> [Work instructions] Repeat the data that follows verbatim. Images are not part of the copy.

> [Supplied data]
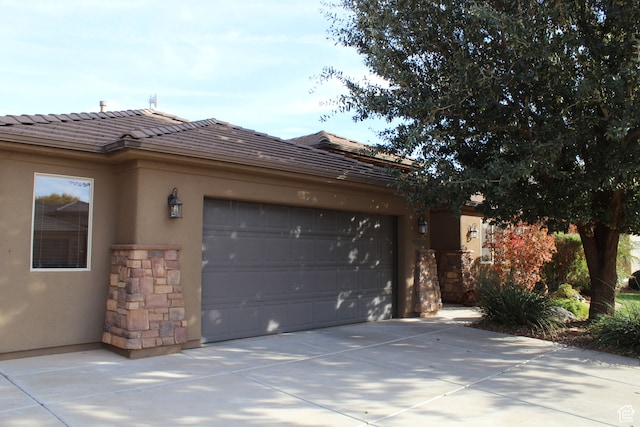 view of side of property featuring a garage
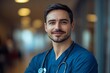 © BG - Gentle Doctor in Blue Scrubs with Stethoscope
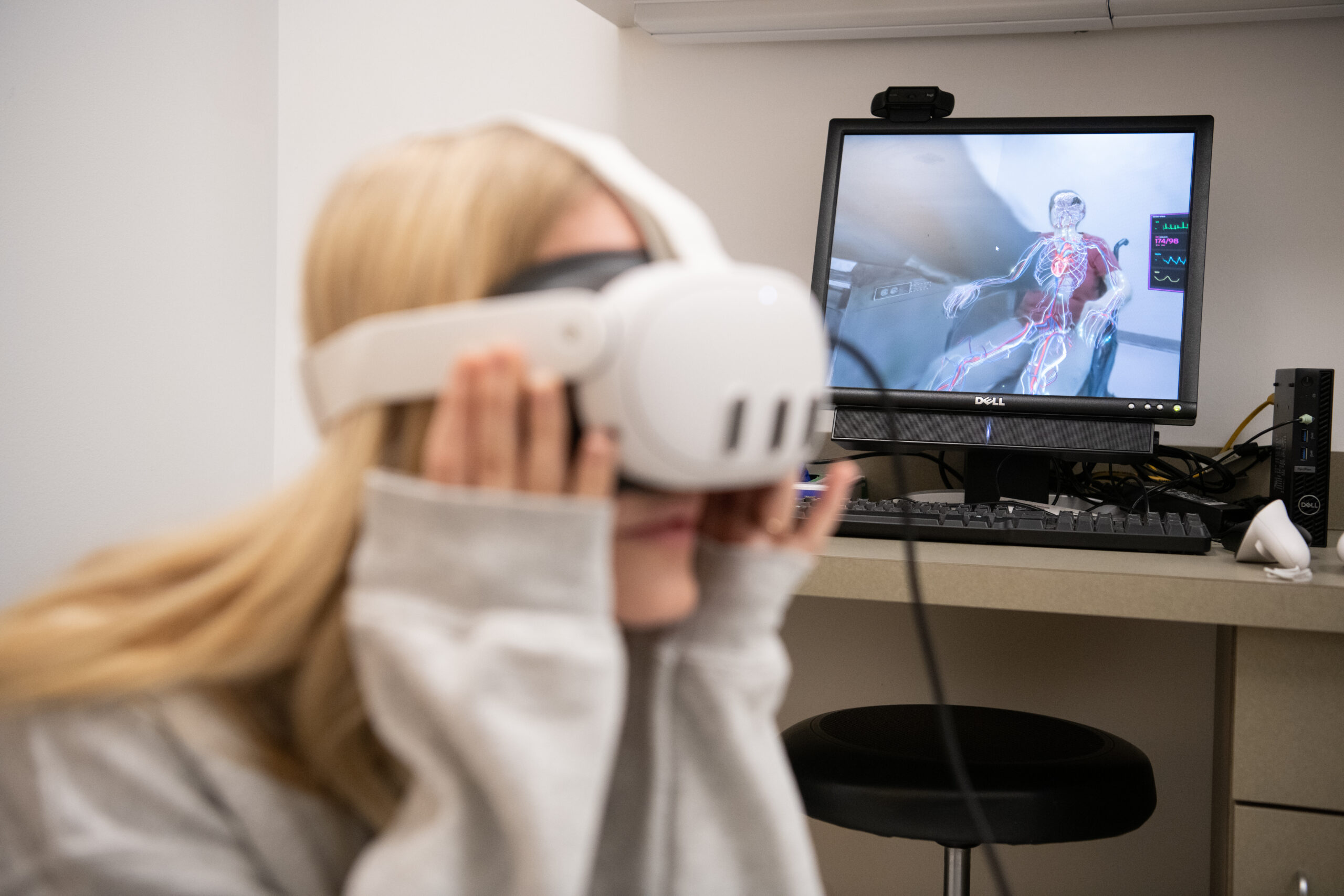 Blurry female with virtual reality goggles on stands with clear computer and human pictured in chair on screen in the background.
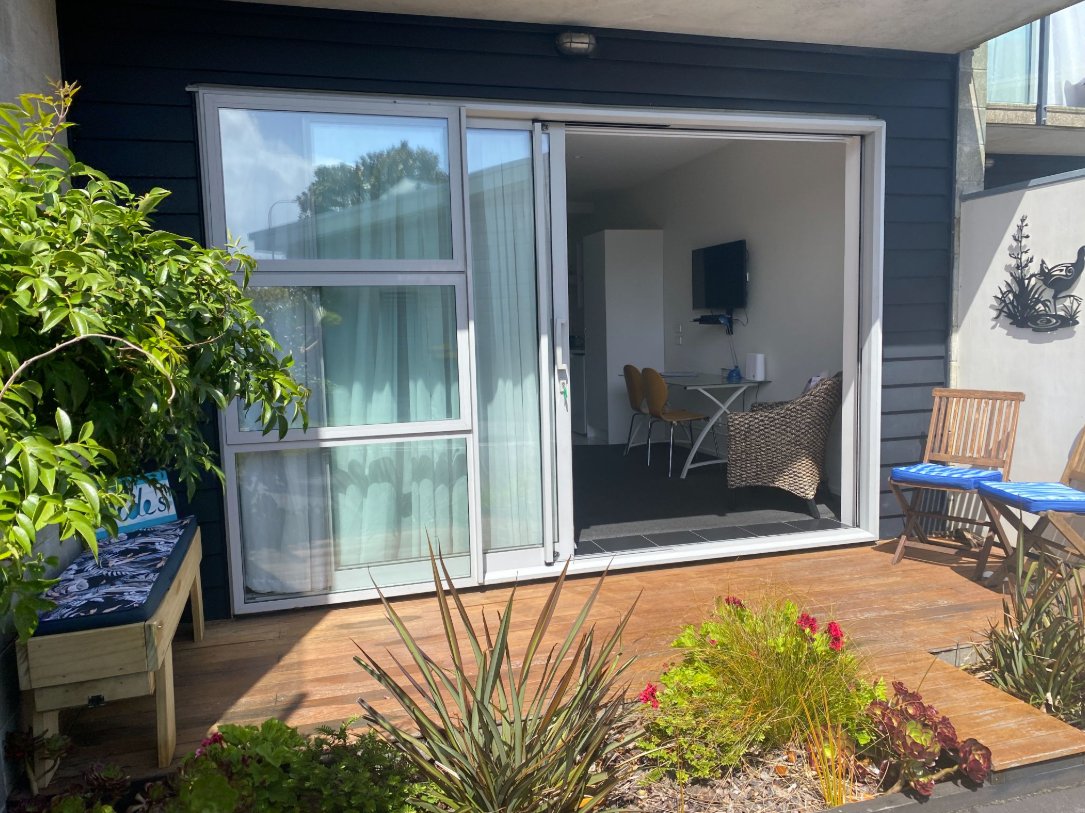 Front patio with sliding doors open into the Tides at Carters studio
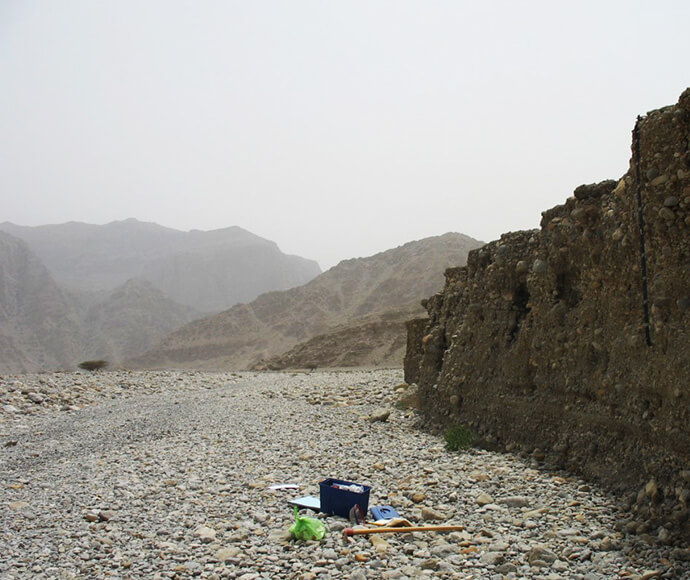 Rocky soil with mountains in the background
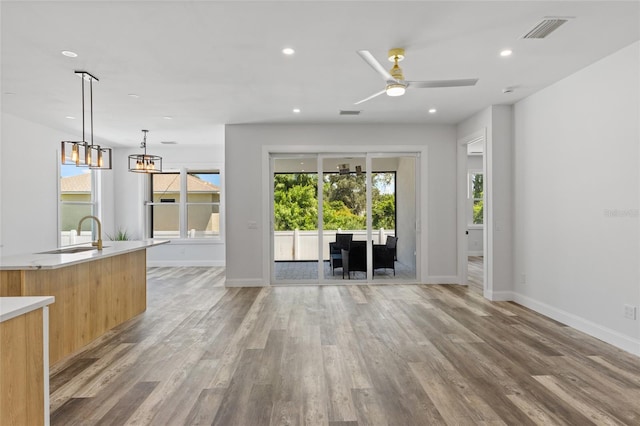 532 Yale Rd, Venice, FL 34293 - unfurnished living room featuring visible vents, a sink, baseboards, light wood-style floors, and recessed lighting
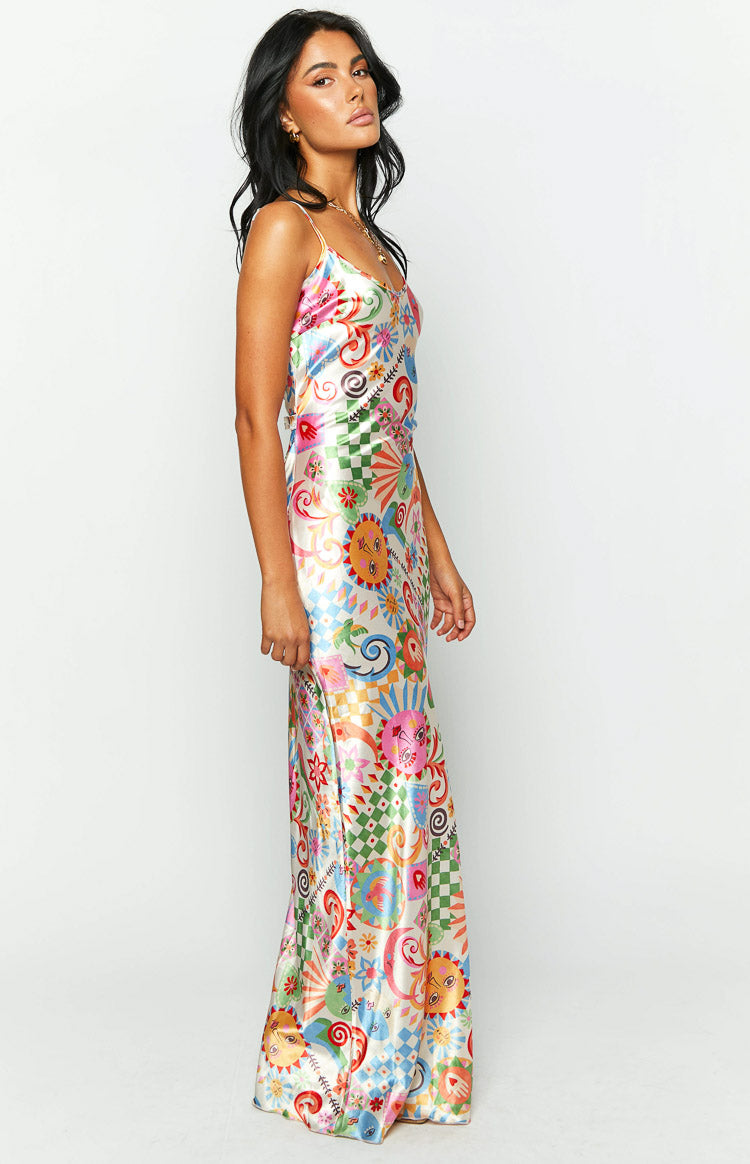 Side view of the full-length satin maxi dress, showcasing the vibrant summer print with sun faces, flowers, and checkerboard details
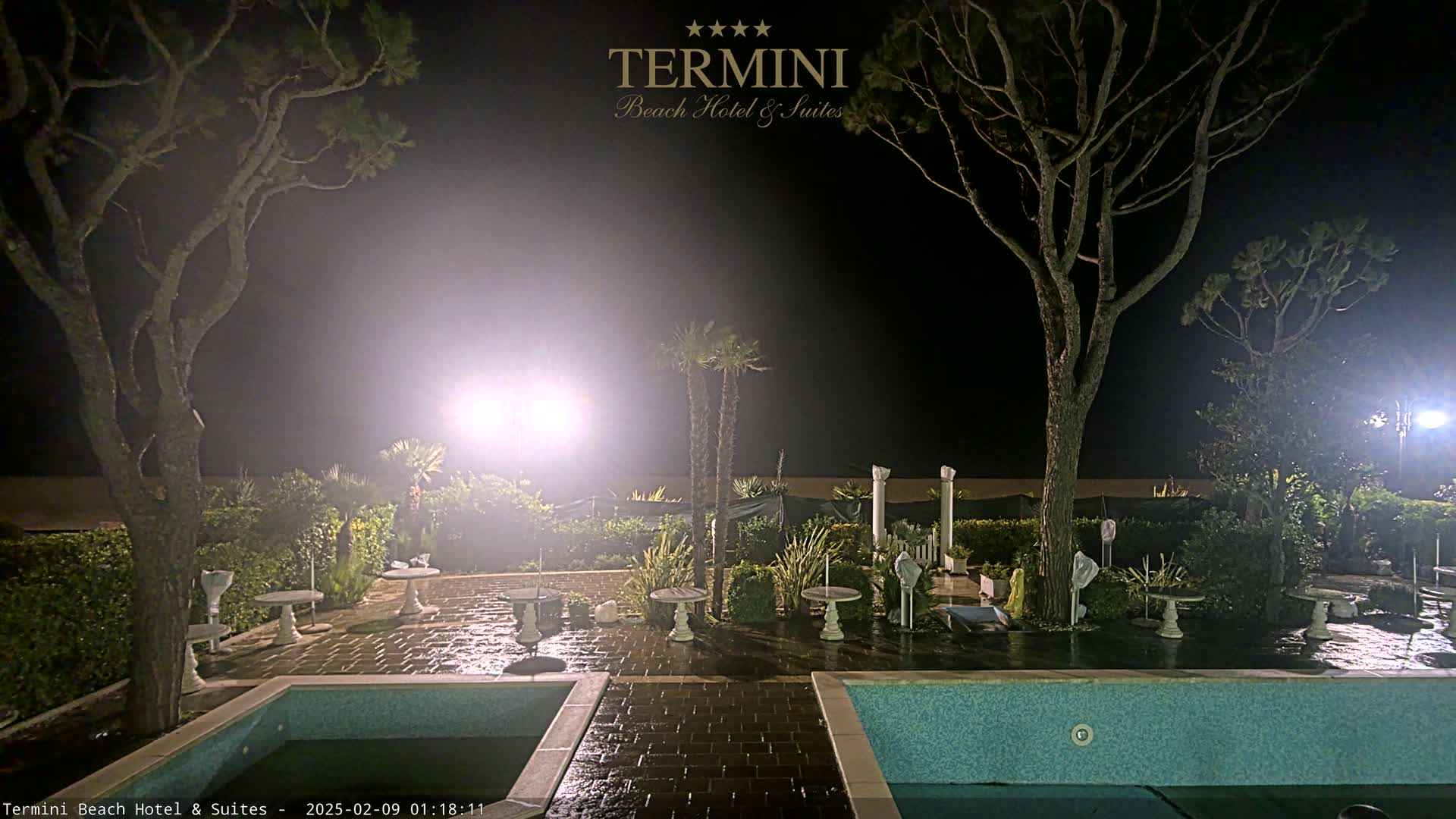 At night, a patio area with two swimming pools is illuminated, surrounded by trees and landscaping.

> [Solution]
 view of side of property featuring a garage
 © BG - Gentle Doctor in Blue Scrubs with Stethoscope
 Blurry female with virtual reality goggles on stands with clear computer and human pictured in chair on screen in the background.
 Front patio with sliding doors open into the Tides at Carters studio
 Rocky soil with mountains in the background
 532 Yale Rd, Venice, FL 34293 - unfurnished living room featuring visible vents, a sink, baseboards, light wood-style floors, and recessed lighting
 Side view of the full-length satin maxi dress, showcasing the vibrant summer print with sun faces, flowers, and checkerboard details
 At night, a patio area with two swimming pools is illuminated, surrounded by trees and landscaping.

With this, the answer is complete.